## Monday 25 January 2010

### Different Question, Same Idea, Sort of

A couple of days ago I wrote about the probability of a 28 Year Snow and 100 year Rain. It reminded me of another problem that, seemingly completely different, is somewhat related.

Here is a version of the question... Suppose you were looking at a group of n (a large number of numbers) numbers presented one at a time. Your goal is to guess which is the largest number in the list. You get to look at one number, and say "That one." or pass, if you pass, you can never go back and the next number is presented.. How do you decide which number to pick. You could just guess one of the numbers, and when it comes along pick it.. the probability you would win is 1/n. Or you could guess that there will be approximately ln(n)+.58 numbers.. this is the limit for the harmonic series, $\sum_{k=1}^{n}\frac{1}{k}$= [1+1/2+1/3+1/4+...+1/n (for big n...and that doesn't mean huge...at n=20, the actual value is 3.597 and the approximation is 3.572) approaches ln(n) + .0.57721, which will estimate the number of record breaking events in N events, for example, record breaking floods in a 100 year period (look for about 5... ln(100)+.577 = 5.182).. and when that many record results occur, you could pick it... (this would have been my first choice)... unfortunately, the standard deviation of the number of records that occur is pretty wide, so you are not likely to win more than about 20% of the time... Still, in most cases that is better than 1/n.

But what if you decided to wait until a certain number, call it r, of events had passed, then pick the next number higher than any of the first r... But what r would you pick.

If there are three numbers, 1, 2, and 3, they can occur in six orders.
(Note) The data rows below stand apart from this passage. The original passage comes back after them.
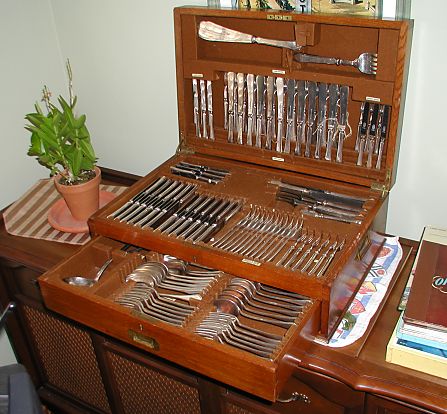 open silver safe with a complete set of knives, forks, spoons, etc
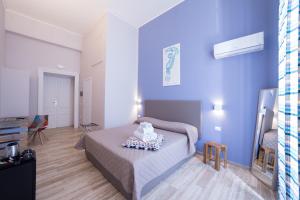 1 dormitorio con cama y pared azul en PC Boutique H Loggia, by ClaPa Group, en Nápoles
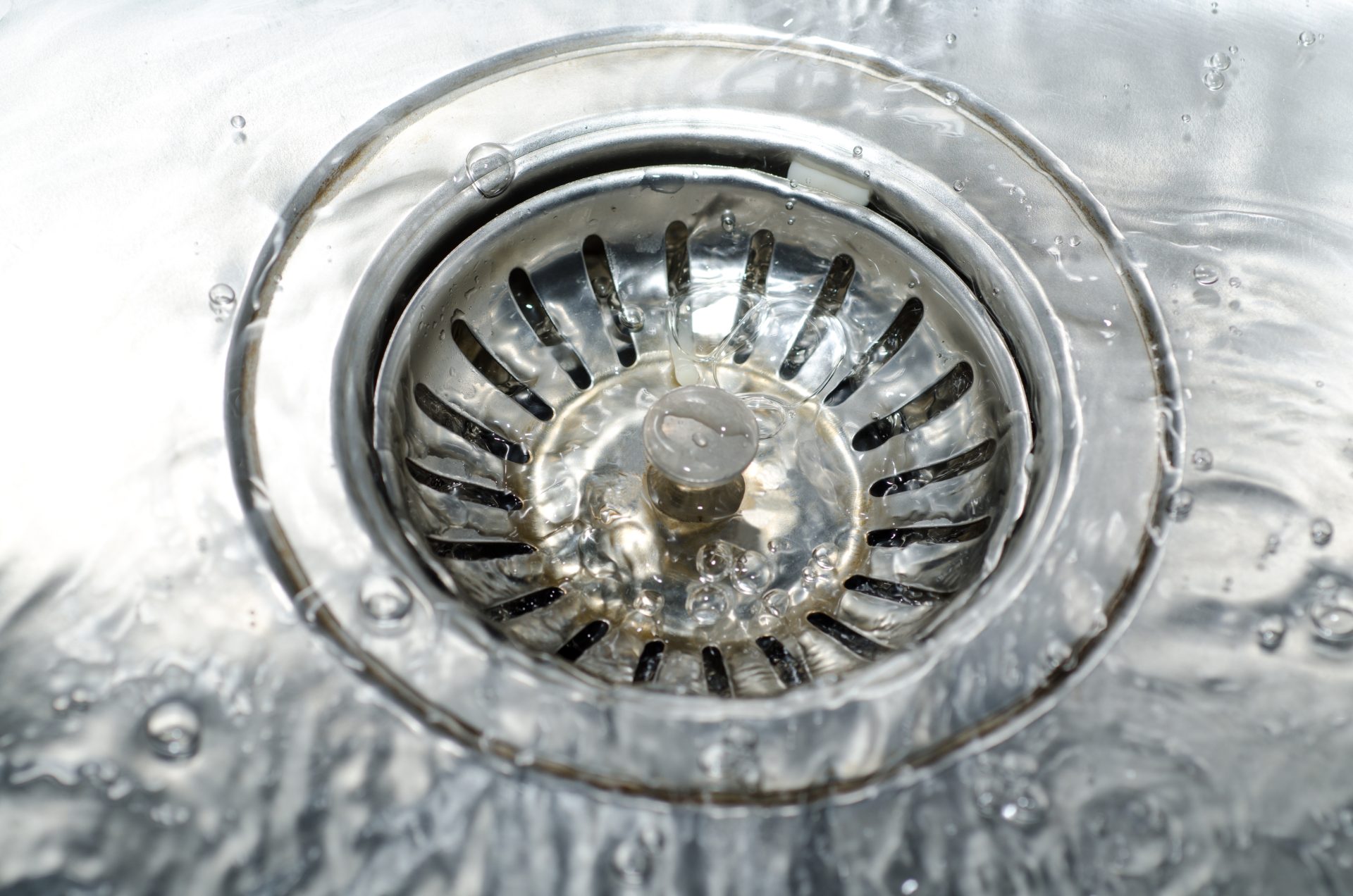 A kitchen sink drain with water flowing freely down it.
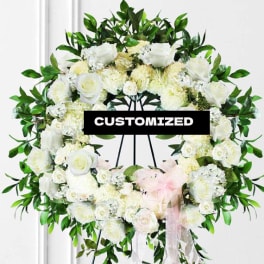 White floral wreath on a stand with green foliage and a pink ribbon
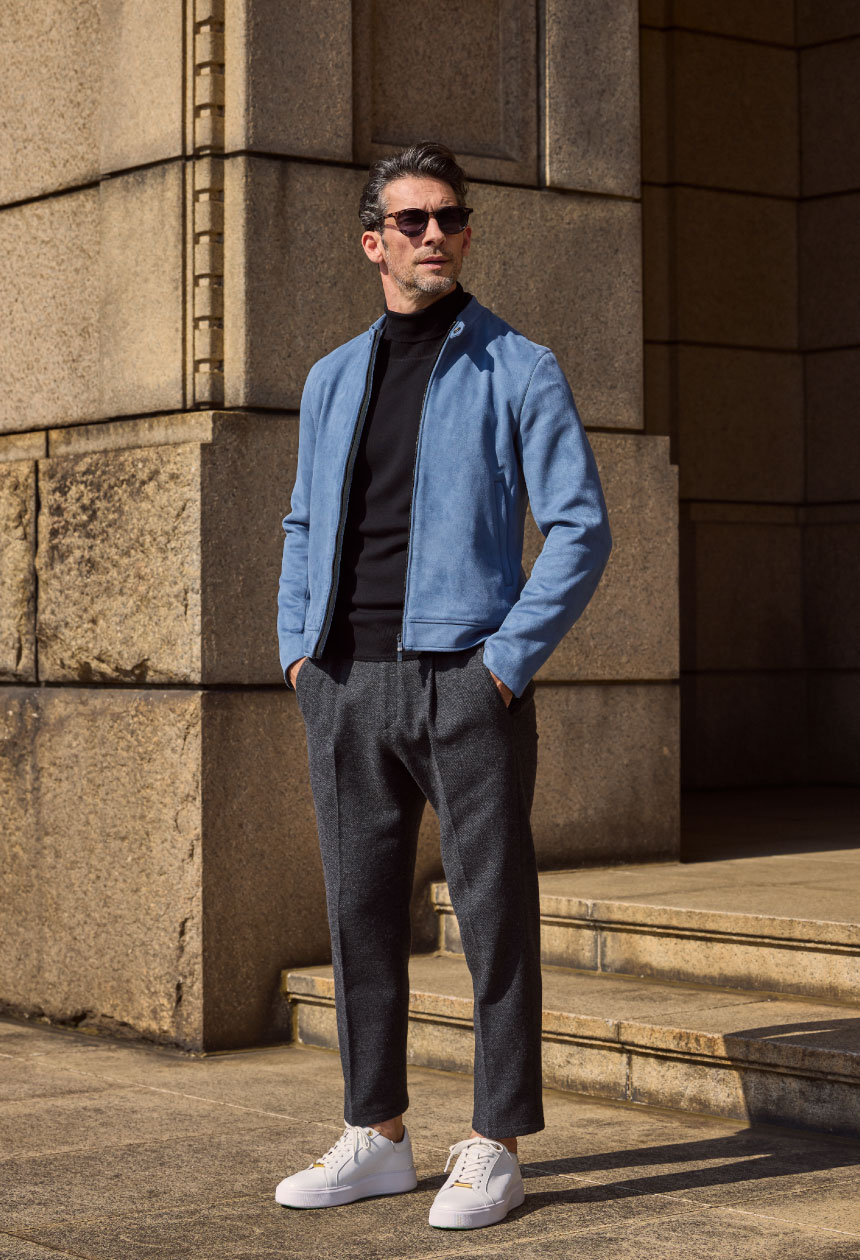 ライトブルーのライダースジャケット・ブラックのタートルネック・チャコールグレーのパンツ・ホワイトのスニーカーを着用したサングラスをかけて手にポケットを入れて遠くを見ている様子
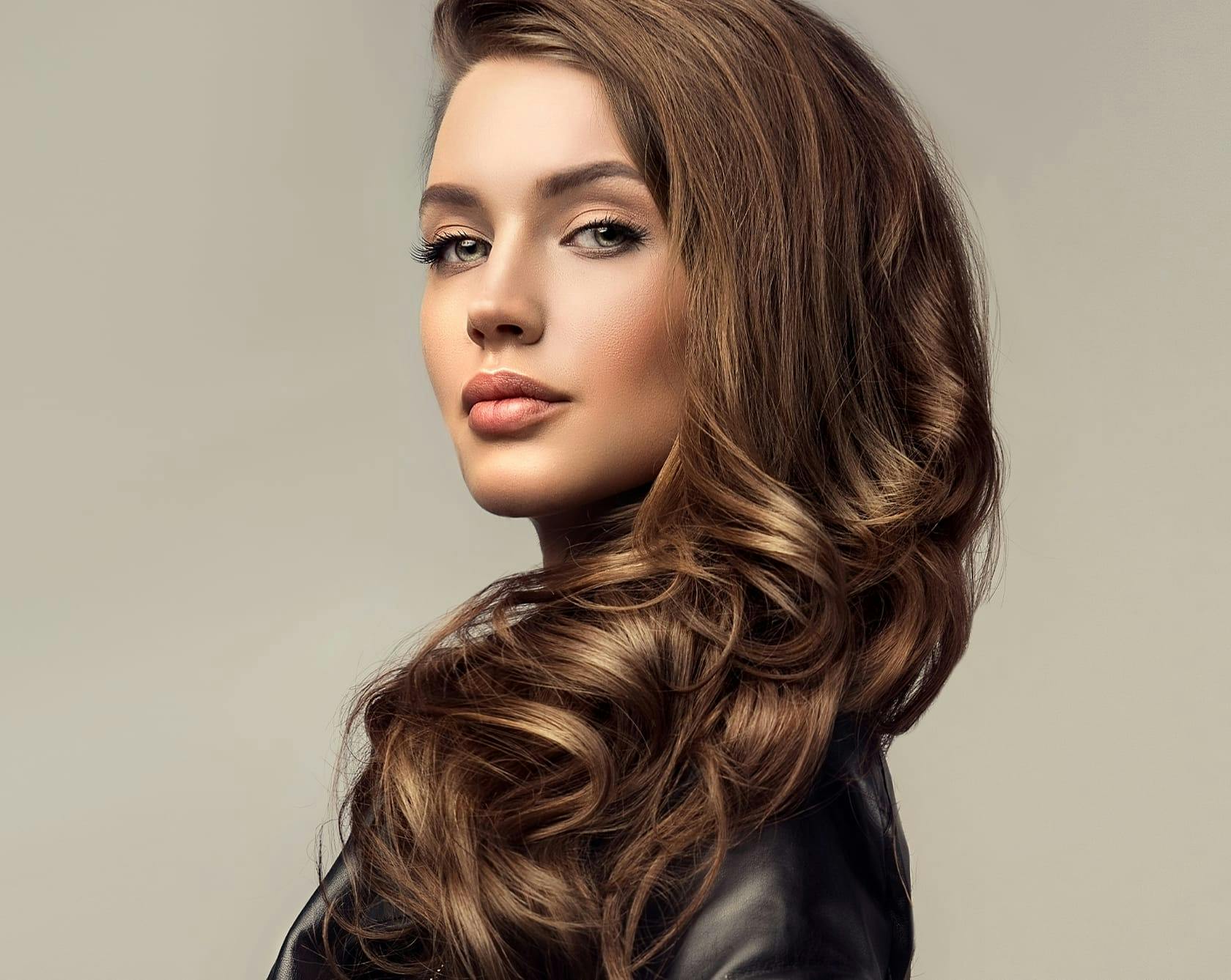 an image of a woman with brunette hair in a black top
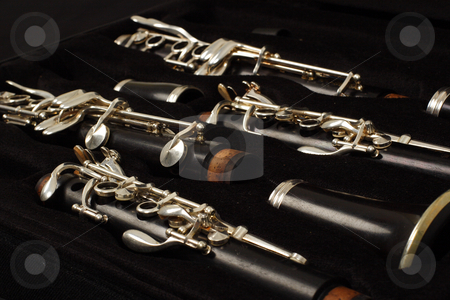 To use this stock image in your creative project, please select the size you need over to the right and click the "Add to Cart" button.
Your downloaded image will come with the Cutcaster watermark removed so don’t worry about the watermark you see on this page. Clarinet stock photo, Close up detail of a woodwind clarinet by Mark Yuill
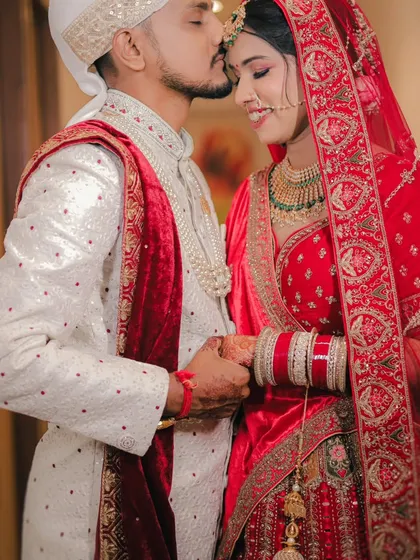 A tender moment between the bride and groom. The groom's forehead kiss and their gentle hold create a portrait full of love and warmth.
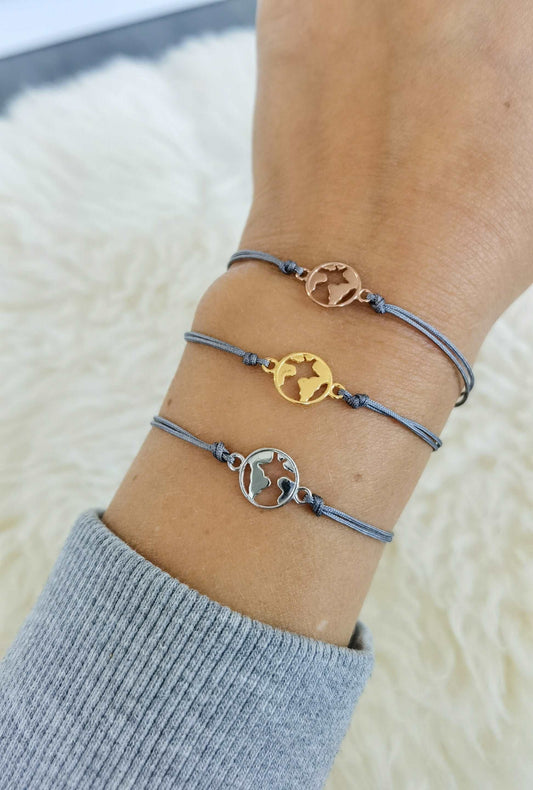 Tragefoto drei Weltkugel Armbänder in silber, gold und roségold mit grauem Band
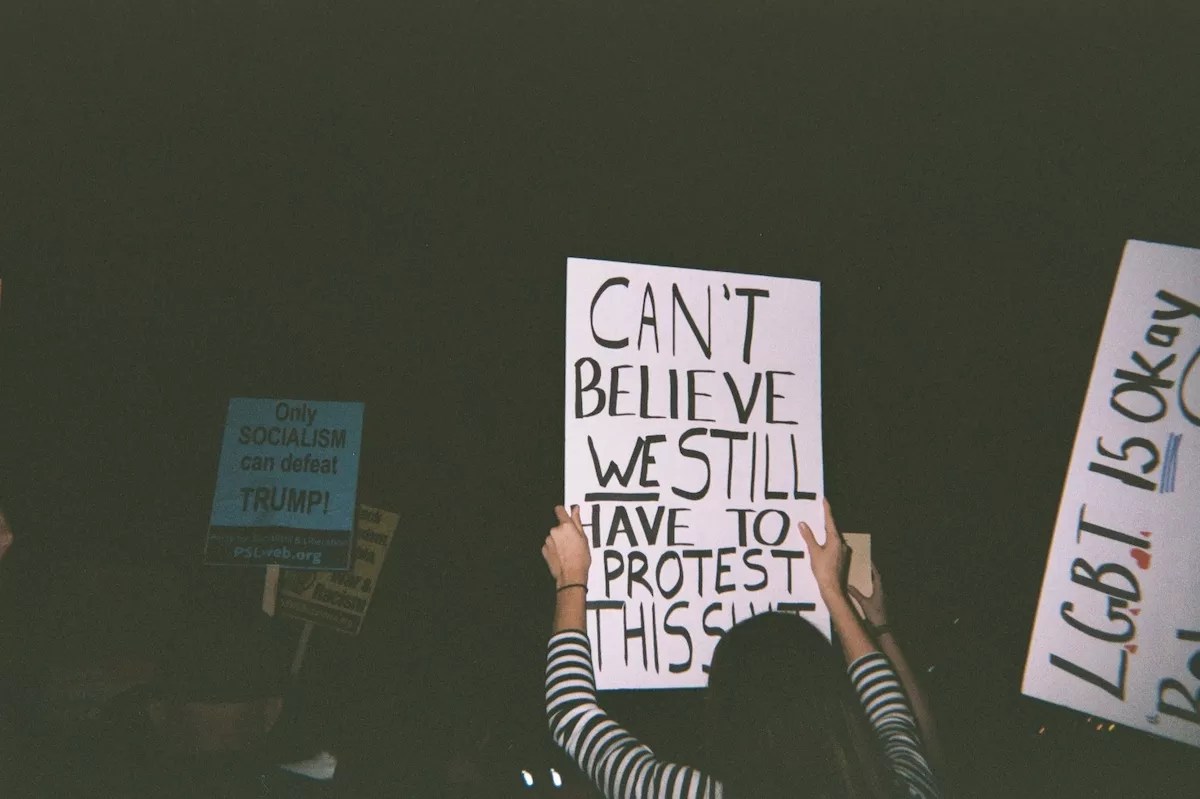 Someone holds a sign that reads, "CAN'T BELIEVE WE STILL HAVE TO PROTEST THIS SHIT."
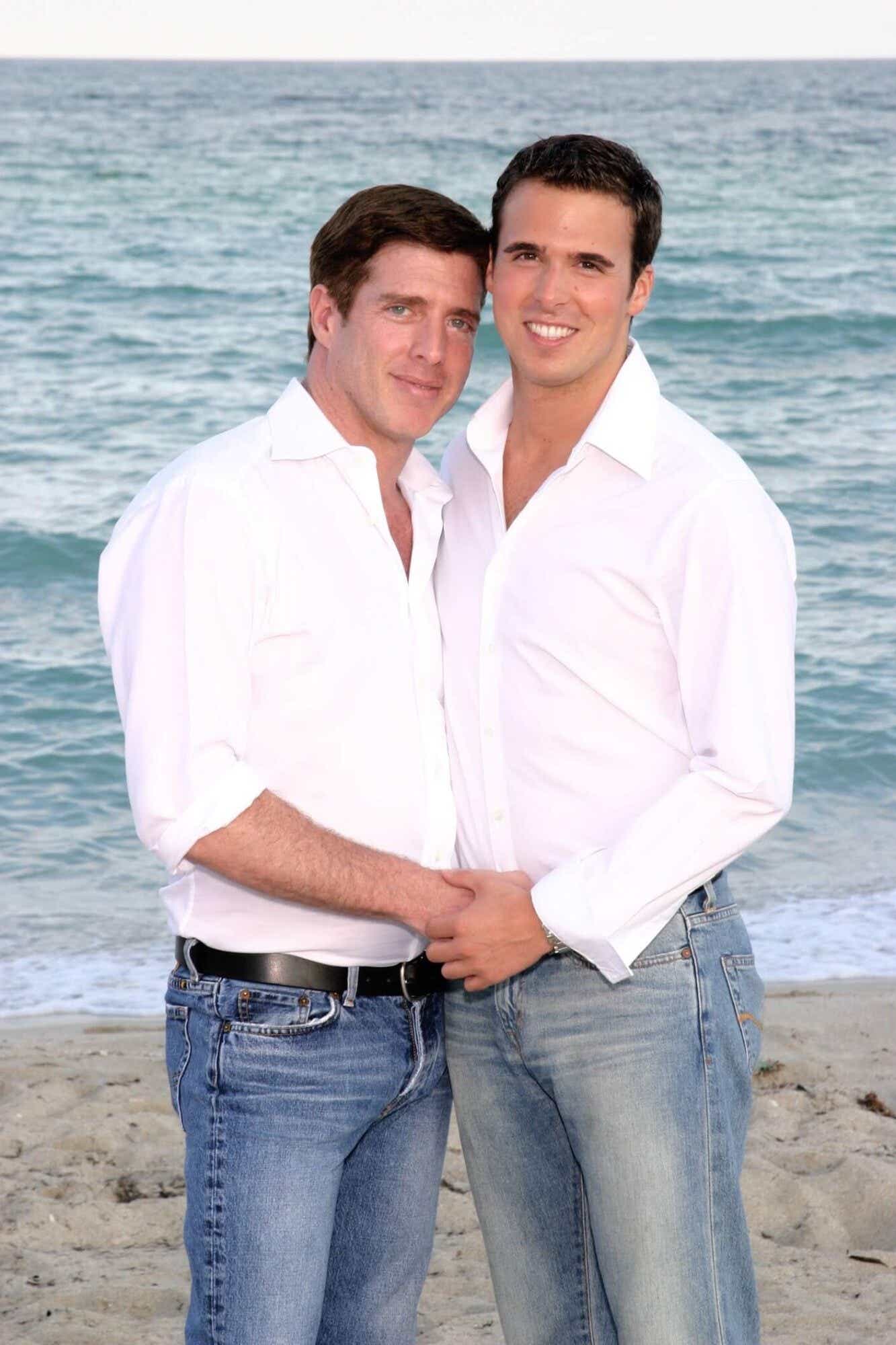 Terrence Mack and his late husband Rand on a beach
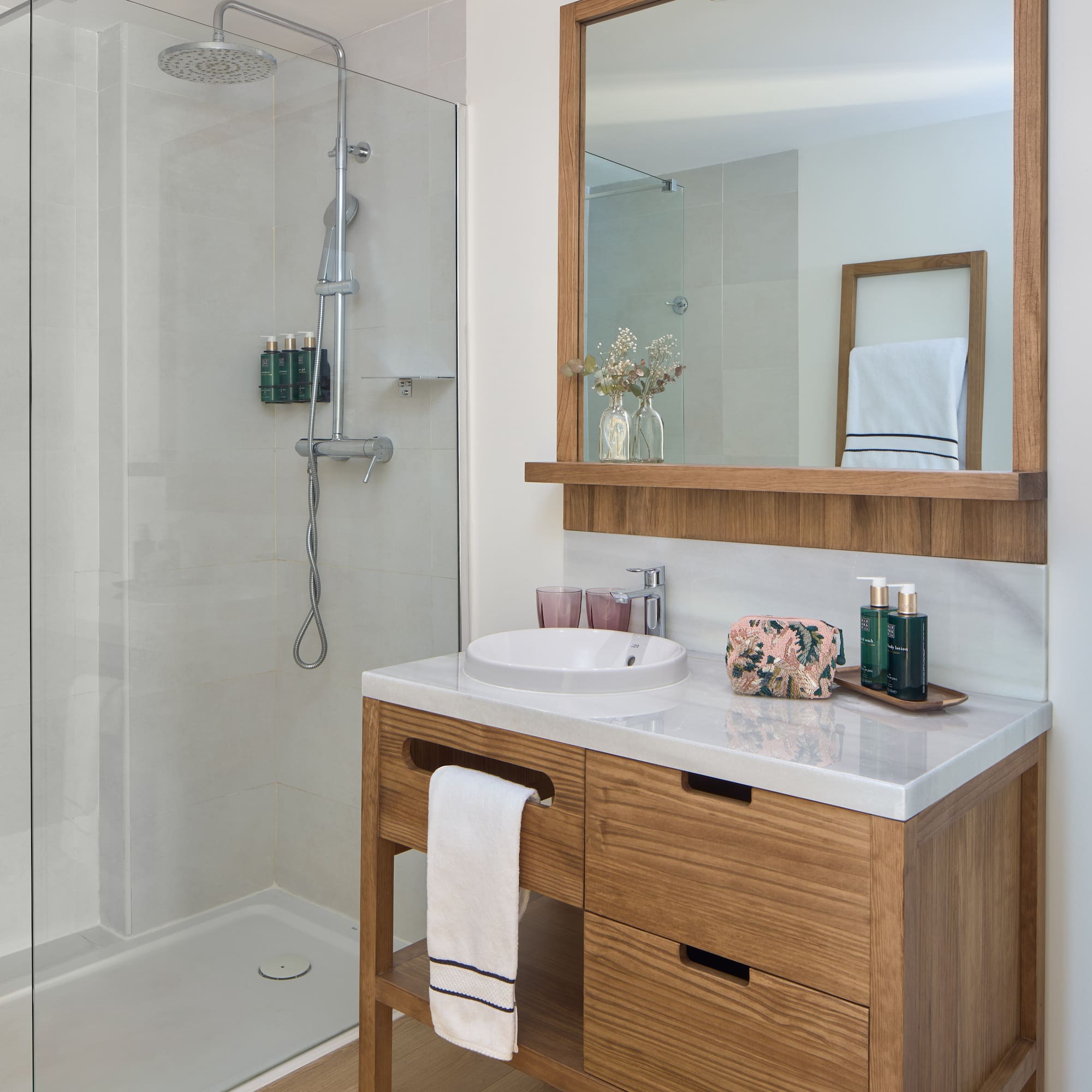 a bathroom with a mirror and a sink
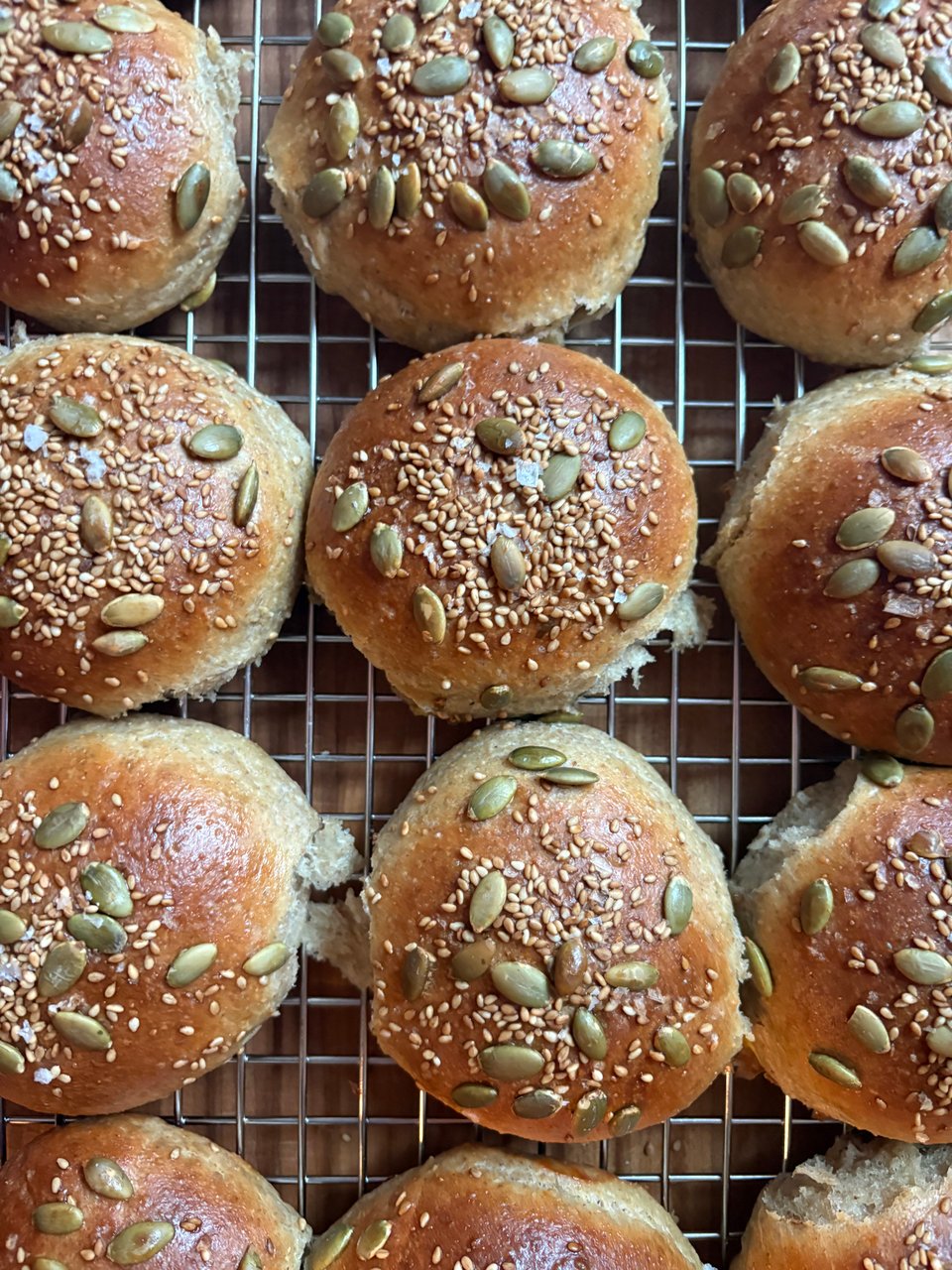Baked rolls topped with generous sprinklings of toasted sesame and pumpkin seeds.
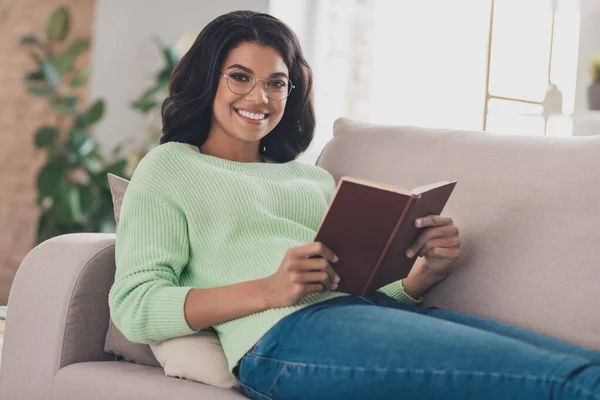 Foto de mujer afro americana atractiva feliz cama sofá leer libro novela usar gafas en el interior de la casa sala de estar — Foto de Stock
If you decide to always pick the first, or second or third you would win 1/3 of the time.. Or you could wait and after the first, pick the next one that is higher... Well if 3 is first, you lose, but if the order is 1-3-2; 2-3-1; or 2-1-3 you would win, hey, that's a fifty percent chance of winning..

If there are four numbers, they can be in 24 different orders. Would it be best to let one number go, or two. If we pick the first number, we know the winning probability is only 1/4, and if we wait until the last number, it is again 1/4. But what if we let one go, then pick the next that exceeds that value... We would pick the right number in 11/24 of the orders.. If we let two go, then picked the next that exceeds those two, we would only win in 5/12 of the trials.

So how do you decide? How many numbers would you let go before you picked the next higher number. If there were ten numbers in all, for example, and you let r of them go by, the probability that the next one is the biggest (and hence you win) is 1/n. But you would also win if the next one was smaller than the max of the first r numbers [prob r/(r+1)] and the one after that WAS the largest in the set (prob 1/n again)... Or ...you could win if the next two after you stopped counting were not greater than the max of the first r numbers [probability r/(r+2)] and the following one (yep, prob 1/n) was the biggest value. Ok, you see a pattern here. So the probability of winning after waiting for any r-values is P(r) = 1/n[1 + r/r+1 + r/r+2 + ...+ r/n-1] but if we factor out the r on top.. this is just r/n [1/r+1/r+1...+ 1/n-1] and that last part is the harmonic series between 1/r and 1/n-1... If we make the assumption that r and n are pretty big then we can approximate the sum of the harmonic series out to 1/(n-1) as Ln(n-1)+ .577 and out to 1/r it would be Ln(r)+.577. Subtracting this last from the first, we see that it will be about Ln(n-1) - Ln(r) or, using the log properties you learned in Alg II, we can write that as the Ln(n-1/r)... so for any number of numbers n, if we let the first r go by and pick the next number greater than any of those, our probability of having that be a winning number is (r/n) Ln(n-1/r). All we have to do is find the maximum value of Ln(n-1/r) and we know how many r to let pass. For calculus students, n is a constant here, r is the variable, so we want find the maximum of (r/n)*Ln(n/r).... and for algebra students, graph it and find the max probability.

It turns out that the max happens when r=n/e... so for n= 100, we would wait for the first 1/e = 36.7 (ok, 37) numbers and then pick the next number that is bigger than any of those...and the probability you win.... 1/e or about 36.8%

And how is that related to the 100 year snow? Well, 1-.368 = .632... So the probability of picking the max value from a string of 100 numbers by this strategy is the same as the probability that you do NOT hava 100-year snow in the next hundred years... . Bundle up... the snow is more likely.... rule of the day for multiple choice.... Pick e.... ;-}